If you have 2,000 repositories in your organisation, Butler can help you to identify:
- All workflows & actions
- All 3rd party actions, including unpinned & unpinnable actions
- All reusable workflows
- Active workflows referencing reusable workflows/actions from archived repos
- Usage of missing actions and/or references to invalid tags/branches
- All runners across workflows, including unsupported ones
- All organisation & repo secrets and variables
- Secrets & variables usage
- Usage of
secrets: inheritacross workflows
- Workflows and actions that have invalid yaml files
Samples
Click here for sample reports for organisations like GitHub, OpenAI, Docker, AWS Labs - not mobile friendly.
Screenshots
Usage
GitHub Tokens
Permissions
| Scope | Permission | Classic PAT | Fine-Grained Token | GitHub App |
|---|---|---|---|---|
| Repo | Agent Secrets |
Optional | Optional | |
| Repo | Agent Variables |
Optional | Optional | |
| Repo | Contents |
Required | Required | |
| Repo | Dependabot Secrets |
Optional | Optional | |
| Repo | Secrets |
Optional | Optional | |
| Repo | Variables |
Optional | Optional | |
| Org | Agent Secrets |
Optional | Optional | |
| Org | Agent Variables |
Optional | Optional | |
| Org | Dependabot Secrets |
Optional | Optional | |
| Org | Secrets |
Optional | Optional | |
| Org | Variables |
Optional | Optional | |
| N/A | repo |
Required | ||
| N/A | admin:org |
Optional |
Installation
# Create virtual environment
python3 -m venv venv
. venv/bin/activate
pip3 install -r requirements.txt
Usage
By default, Butler reads the PAT from the GITHUB_TOKEN environment variable.
Default Environment Variable
export GITHUB_TOKEN=ghp_wpB...
Using a Different Variable
export MY_TOKEN=ghp_wpB...
# Pass name via --token
python butler.py [...] --token "MY_TOKEN"
Using Multiple GitHub Tokens
export GITHUB_TOKEN_1=ghp_aaa...
export GITHUB_TOKEN_2=ghp_aaa...
...
export GITHUB_TOKEN_N=ghp_aaa...
python butler.py [...] --token "GITHUB_TOKEN_*"
Using a GitHub App
export GITHUB_APP_KEY=$(cat /path/to/gh-app-key.pem)

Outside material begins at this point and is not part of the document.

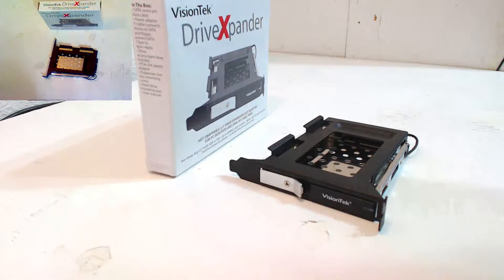All right, hello everybody. Today we're going to be finishing up the review on this Vision Tech Drive Expander. If you haven't seen my first video, go back and watch it — I do a breakdown of the specs, use case scenarios, and things like that.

# Pass key to --gh-app-key
python butler.py [...] --gh-app-key "GITHUB_APP_KEY" --gh-app-installation-id "1234567" --gh-app-client-id "Iv23liR6..."
Workflow Data Collection
The first step is to collect all workflows and actions from repositories.

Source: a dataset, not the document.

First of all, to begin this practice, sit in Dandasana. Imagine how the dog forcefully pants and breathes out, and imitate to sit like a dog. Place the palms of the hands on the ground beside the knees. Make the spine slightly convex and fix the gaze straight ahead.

--repo REPO Target formatted as: org, org/name, or org/name@branch. To load targets from file use an absolute path or a path starting with ./
--workflow WORKFLOW Download specific workflows, extension is optional
--database DATABASE Path to SQLite database to create or connect to
--resume-next Resume downloads on server errors
--all-branches Download all branches, only works with --repo
--all-tags Download all tags, only works with --repo
--include-forks Include forked repos when --repo is an org
--include-archived Include archived repos when --repo is an org
--all-repos Download all repos, including archived and forks
--threads THREADS Enable multithreading
--verbose, -v Debug output
--very-verbose, -vv Trace output
Download Entire Org
python butler.py download --repo "microsoft" --all-repos --threads 10 --very-verbose --database microsoft.db
Download Single Repo
python butler.py download --repo "microsoft/vscode" --very-verbose --database microsoft-vscode.db
Download All Tags/Branches for a Repo
python butler.py download --repo "microsoft/vscode" --very-verbose --database microsoft-vscode.db --all-branches --all-tags
Organisation & Repository Secret Collection
This feature is optional and requires additional permissions (see table above), ideally a GitHub App installed in the Org.
--org ORG Organisation to download secrets and variables for
--database DATABASE Path to SQLite database to create or connect to
--resume-next Resume downloads on server errors
--threads THREADS Enable multithreading
Example
python butler.py secrets_and_vars --org "microsoft" --database ./data/microsoft.db --very-verbose --gh-app-key ...
Data Processing
Once all workflows are collected they need to be processed.
--database DATABASE Path to SQLite database to create or connect to
--threads THREADS Enable multithreading
--verbose, -v Debug output
--very-verbose, -vv Trace output
Example
python butler.py process --database ./microsoft.db --threads 10 --very-verbose
Report Generation
Finally, generate a report to view the results.
--database DATABASE Path to SQLite database to create or connect to
--repo REPO Repo to generate report from
--output OUTPUT Location to store output files
--config CONFIG Configuration file (defaults to default_config.yaml)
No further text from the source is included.